▶ **WHAT IS REQUIRED**
Your job here is to restate every record exactly, pictures excluded.

▶ **ENTRIES SUPPLIED**
_ _ _ _ _

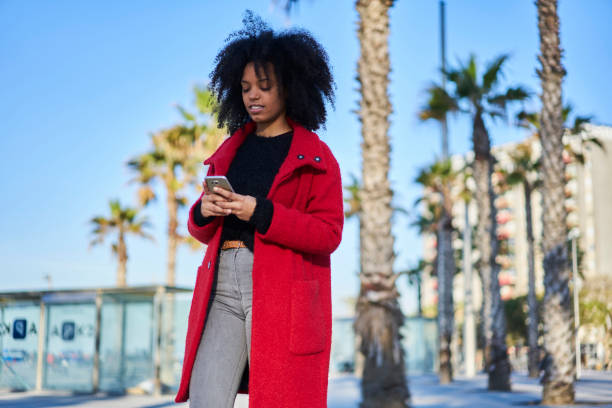 istock Confident black woman surfing smartphone 1289018366
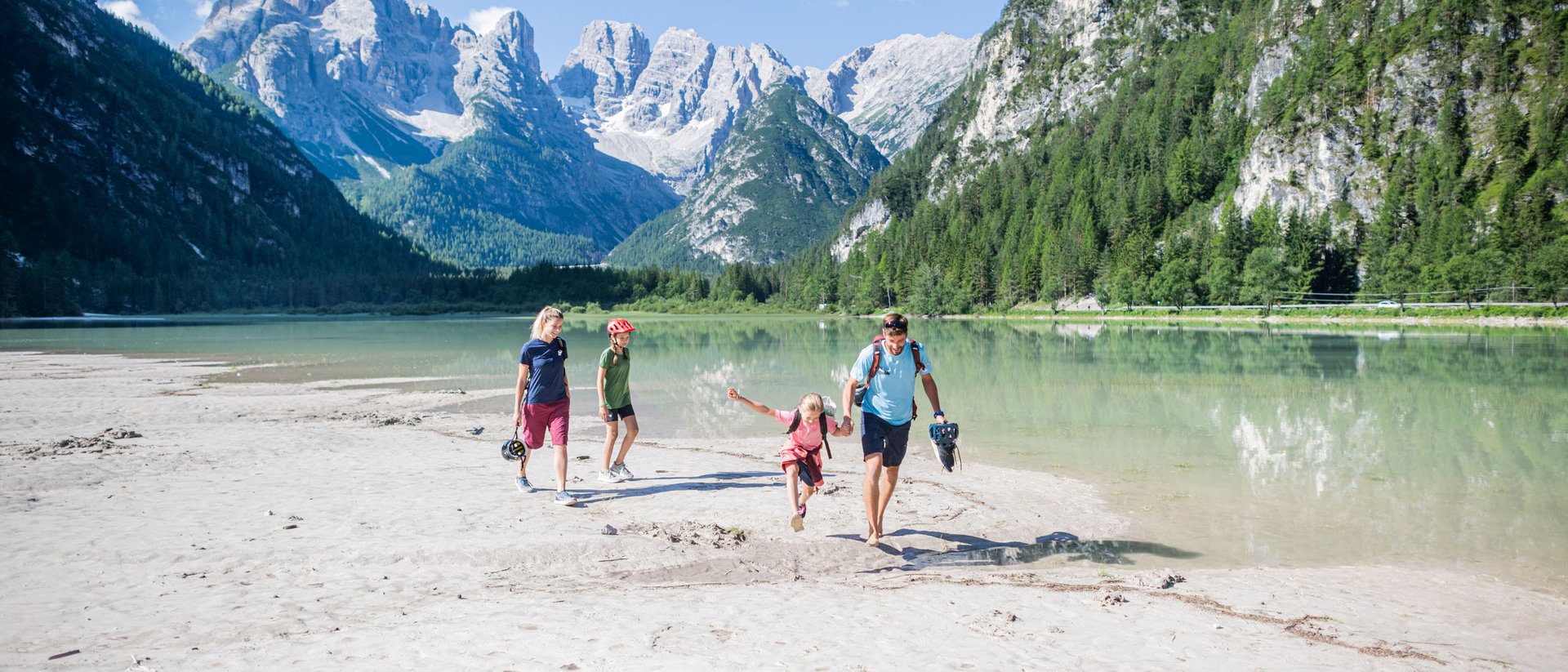 Familie wandert barfuß am See in den Bergen bei sonnigem Wetter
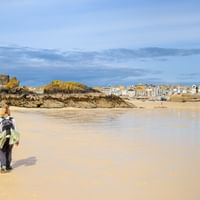 Person med ryggsäck går på bred sandstrand i Cornwall med vita kustbyggnader på klippor och stad i bakgrunden under blå himmel.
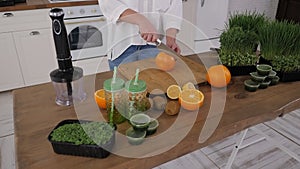 Close-up of a woman cutting a grapefruit on a wooden cutting board.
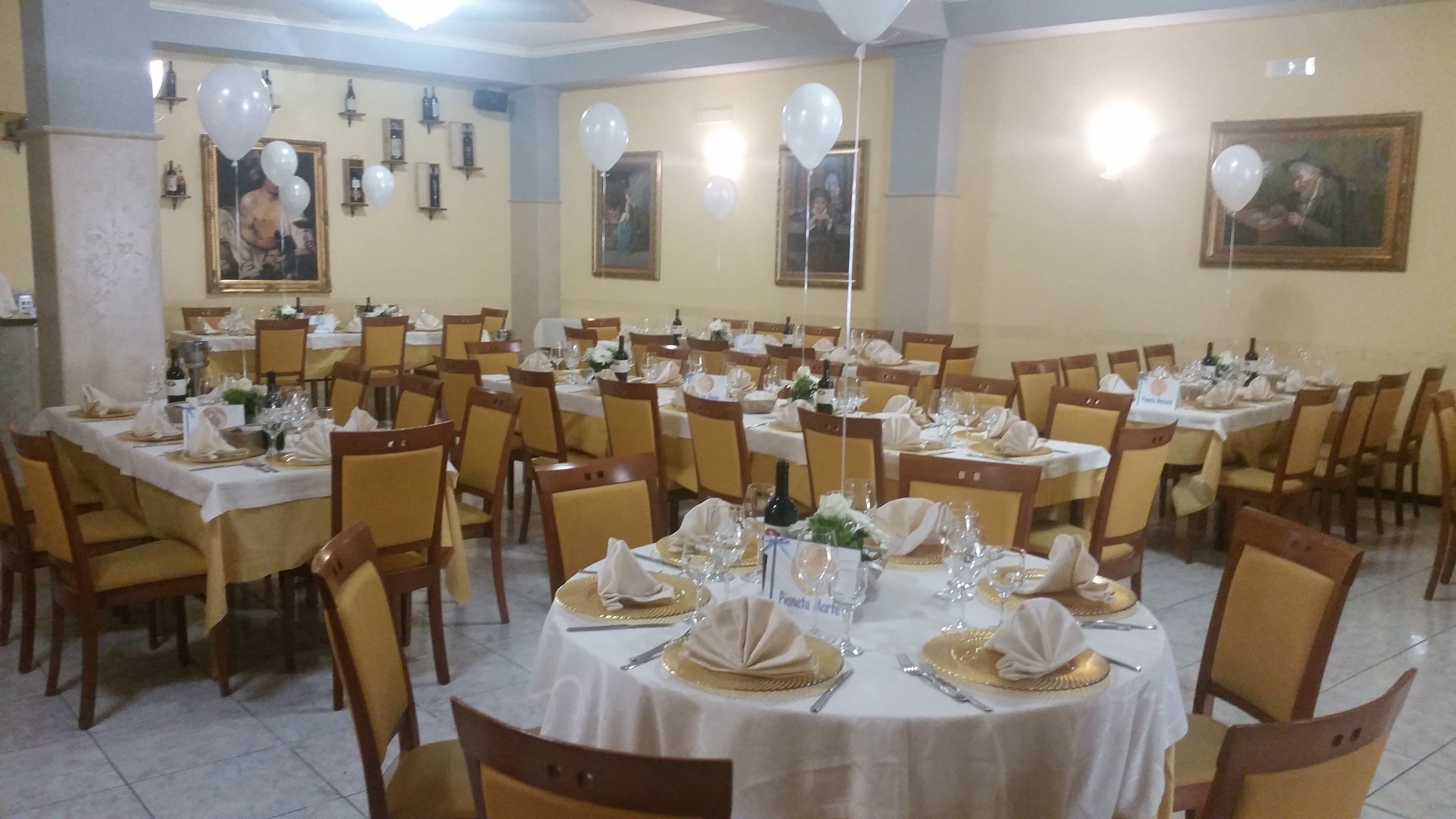 A banquet hall with round tables set for dining, chairs, and white tablecloths.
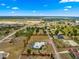 Aerial view of the home, set back on a large, expansive lot, and swimming pool at 6045 Se 99Th Pl, Belleview, FL 34420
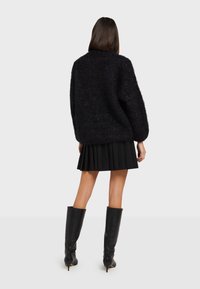 Oversized zwarte fuzzy sweater met lange mouwen, een ronde halslijn, gecombineerd met een zwarte plissé rok en kniehoge zwarte haklaarzen.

_ _ _ _ _

▶ **TASK RESPONSE**
 istock Confident black woman surfing smartphone 1289018366
 Familie wandert barfuß am See in den Bergen bei sonnigem Wetter
 Person med ryggsäck går på bred sandstrand i Cornwall med vita kustbyggnader på klippor och stad i bakgrunden under blå himmel.
 Close-up of a woman cutting a grapefruit on a wooden cutting board.
 A banquet hall with round tables set for dining, chairs, and white tablecloths.
 Aerial view of the home, set back on a large, expansive lot, and swimming pool at 6045 Se 99Th Pl, Belleview, FL 34420
 Oversized zwarte fuzzy sweater met lange mouwen, een ronde halslijn, gecombineerd met een zwarte plissé rok en kniehoge zwarte haklaarzen.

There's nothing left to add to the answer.